Saturday, November 12, 2016

Therapy payment caps and exception process

The Financial Limitation Legislation

A. Legislation on Limitations

The dollar amount of the limitations (caps) on outpatient therapy services is established by statute. The updated amount of the caps is released annually via Recurring Update Notifications and posted on the CMS Website www.cms.gov/TherapyServices, on contractor Websites, and on each beneficiary’s Medicare Summary Notice. Medicare contractors shall publish the financial limitation amount in educational articles. It is also available at 1-800-Medicare.

Section 4541(a)(2) of the Balanced Budget Act (BBA) (P.L. 105-33) of 1997, which added §1834(k)(5) to the Act, required payment under a prospective payment system (PPS) for outpatient rehabilitation services (except those furnished by or under arrangements with a hospital). Outpatient rehabilitation services include the following services:

• Physical therapy

• Speech-language pathology; and

• Occupational therapy.

Section 4541(c) of the BBA required application of financial limitations to all outpatient rehabilitation services (except those furnished by or under arrangements with a hospital). In 1999, an annual per beneficiary limit of $1,500 was applied, including all outpatient physical therapy services and speech-language pathology services. A separate limit applied to all occupational therapy services. The limits were based on incurred expenses and included applicable deductible and coinsurance.
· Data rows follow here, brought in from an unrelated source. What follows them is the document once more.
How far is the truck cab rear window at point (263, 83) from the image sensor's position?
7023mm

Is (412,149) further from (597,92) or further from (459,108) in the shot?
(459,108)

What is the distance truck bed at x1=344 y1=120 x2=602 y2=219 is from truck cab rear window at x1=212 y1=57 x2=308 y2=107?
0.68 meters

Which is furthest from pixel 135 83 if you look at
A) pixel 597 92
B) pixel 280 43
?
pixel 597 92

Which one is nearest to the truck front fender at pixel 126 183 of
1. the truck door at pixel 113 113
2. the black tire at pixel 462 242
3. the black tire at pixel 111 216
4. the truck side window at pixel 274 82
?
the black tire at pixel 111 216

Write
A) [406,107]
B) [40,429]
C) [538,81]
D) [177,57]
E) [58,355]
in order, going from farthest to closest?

The BBA provided that the limits be indexed by the Medicare Economic Index (MEI) each year beginning in 2002.

Since the limitations apply to outpatient services, they do not apply to skilled nursing facility (SNF) residents in a covered Part A stay, including patients occupying swing beds. Rehabilitation services are included within the global Part A per diem payment that the SNF receives under the prospective payment system (PPS) for the covered stay. Also, limitations do not apply to any therapy services covered under prospective payment systems for home health or inpatient hospitals, including critical access hospitals.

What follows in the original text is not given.